Which lines below hold the word "large"? Report each one.

· · · · · · ·

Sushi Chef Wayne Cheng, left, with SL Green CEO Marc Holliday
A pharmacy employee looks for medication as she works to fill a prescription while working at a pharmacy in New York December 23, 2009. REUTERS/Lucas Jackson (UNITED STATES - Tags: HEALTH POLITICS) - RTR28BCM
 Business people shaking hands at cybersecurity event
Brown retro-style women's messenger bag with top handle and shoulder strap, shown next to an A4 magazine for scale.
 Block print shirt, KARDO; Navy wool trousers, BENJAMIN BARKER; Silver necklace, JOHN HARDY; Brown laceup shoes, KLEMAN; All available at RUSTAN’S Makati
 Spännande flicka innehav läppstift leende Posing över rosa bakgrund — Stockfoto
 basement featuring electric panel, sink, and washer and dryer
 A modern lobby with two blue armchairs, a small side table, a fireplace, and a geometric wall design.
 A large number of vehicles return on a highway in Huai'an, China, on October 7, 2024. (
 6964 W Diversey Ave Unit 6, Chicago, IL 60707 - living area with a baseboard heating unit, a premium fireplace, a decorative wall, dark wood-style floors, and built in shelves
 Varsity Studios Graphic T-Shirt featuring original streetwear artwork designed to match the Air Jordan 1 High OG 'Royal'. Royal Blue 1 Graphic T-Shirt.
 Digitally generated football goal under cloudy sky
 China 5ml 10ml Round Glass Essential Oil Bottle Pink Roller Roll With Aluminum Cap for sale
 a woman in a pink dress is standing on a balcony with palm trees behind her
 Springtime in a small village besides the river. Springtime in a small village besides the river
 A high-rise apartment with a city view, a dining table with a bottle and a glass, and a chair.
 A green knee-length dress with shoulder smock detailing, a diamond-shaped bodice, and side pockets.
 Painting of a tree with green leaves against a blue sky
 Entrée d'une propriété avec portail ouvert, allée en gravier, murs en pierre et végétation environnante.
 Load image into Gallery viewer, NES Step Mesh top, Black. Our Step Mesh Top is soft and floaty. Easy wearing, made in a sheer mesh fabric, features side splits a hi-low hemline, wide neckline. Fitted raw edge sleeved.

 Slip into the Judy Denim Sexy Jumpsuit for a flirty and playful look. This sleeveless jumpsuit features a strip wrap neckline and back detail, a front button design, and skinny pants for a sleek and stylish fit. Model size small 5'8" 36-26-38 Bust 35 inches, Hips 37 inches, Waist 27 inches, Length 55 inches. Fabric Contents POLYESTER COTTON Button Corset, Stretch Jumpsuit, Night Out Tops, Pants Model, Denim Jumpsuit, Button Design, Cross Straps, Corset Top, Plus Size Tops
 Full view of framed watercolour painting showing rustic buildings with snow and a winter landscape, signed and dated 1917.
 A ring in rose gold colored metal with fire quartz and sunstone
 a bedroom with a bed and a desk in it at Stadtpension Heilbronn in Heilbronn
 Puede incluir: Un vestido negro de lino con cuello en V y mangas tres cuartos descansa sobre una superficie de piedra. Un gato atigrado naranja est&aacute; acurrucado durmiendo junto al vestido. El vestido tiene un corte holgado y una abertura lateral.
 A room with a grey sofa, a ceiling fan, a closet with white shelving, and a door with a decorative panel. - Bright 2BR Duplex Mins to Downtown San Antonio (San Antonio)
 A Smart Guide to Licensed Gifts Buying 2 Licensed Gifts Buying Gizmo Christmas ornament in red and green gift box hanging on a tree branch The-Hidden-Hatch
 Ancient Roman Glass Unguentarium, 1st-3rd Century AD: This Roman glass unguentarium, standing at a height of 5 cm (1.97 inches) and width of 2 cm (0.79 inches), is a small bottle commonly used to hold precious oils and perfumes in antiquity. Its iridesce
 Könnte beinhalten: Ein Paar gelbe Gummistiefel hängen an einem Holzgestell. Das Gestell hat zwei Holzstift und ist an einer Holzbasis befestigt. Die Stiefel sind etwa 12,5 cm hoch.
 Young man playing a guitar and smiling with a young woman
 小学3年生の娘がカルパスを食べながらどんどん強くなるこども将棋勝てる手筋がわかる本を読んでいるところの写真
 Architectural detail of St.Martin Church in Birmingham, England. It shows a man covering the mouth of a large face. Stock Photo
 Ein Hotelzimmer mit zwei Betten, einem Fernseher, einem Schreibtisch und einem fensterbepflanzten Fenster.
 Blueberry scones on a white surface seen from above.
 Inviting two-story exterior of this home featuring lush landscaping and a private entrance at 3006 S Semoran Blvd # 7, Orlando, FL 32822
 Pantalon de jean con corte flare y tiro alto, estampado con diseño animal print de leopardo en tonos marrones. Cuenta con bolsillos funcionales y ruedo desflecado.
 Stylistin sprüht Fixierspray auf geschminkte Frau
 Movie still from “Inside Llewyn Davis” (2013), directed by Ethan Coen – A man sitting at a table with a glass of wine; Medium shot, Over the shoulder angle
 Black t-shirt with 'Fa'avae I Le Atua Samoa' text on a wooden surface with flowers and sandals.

· · · · · · ·

ANSWER SPACE -
 A large number of vehicles return on a highway in Huai'an, China, on October 7, 2024. (
 Architectural detail of St.Martin Church in Birmingham, England. It shows a man covering the mouth of a large face. Stock Photo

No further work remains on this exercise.